Ernest et Jack coururent aussi sur le bateau admirer le mât, la voile et la flamme, et se firent expliquer par leur frère comment tout cela s'était fait, et comment on pouvait s'en servir. Cependant nous commençâmes à déballer, et nous eûmes beaucoup à faire; mais Jack, à qui cette occupation ne plaisait pas, se glissa de côté, s'occupa du bétail, détacha les corsets des brebis et des chèvres, rit aux éclats du plaisant costume de l'âne, qui était encore entre ses deux grosses tonnes, et braillait à nous rendre sourds; il chercha à l'en débarrasser, mais il ne put y réussir. Mon petit drôle, hardi comme un page ́ de cour, s'élança alors sur le dos de la bête entre les deux tonnes, et vint auprès de nous majestueusement comme sur le plus bel alezan, se démenant tellement des pieds et des mains, qu'il vint à bout de le faire avancer.

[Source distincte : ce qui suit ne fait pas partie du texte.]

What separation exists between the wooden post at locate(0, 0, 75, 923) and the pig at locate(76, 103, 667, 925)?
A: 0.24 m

Nous rimes beaucoup de ce plaisant équipage, et moi plus encore, lorsqu'en aidant le petit bonhomme à descendre de sa monture je le vis entouré d'une belle ceinture de cuir à poils jaunâtres, dans laquelle étaient deux pistolets.

<< Au nom du ciel, lui dis-je, où as-tu pris ce costume de contrebandier?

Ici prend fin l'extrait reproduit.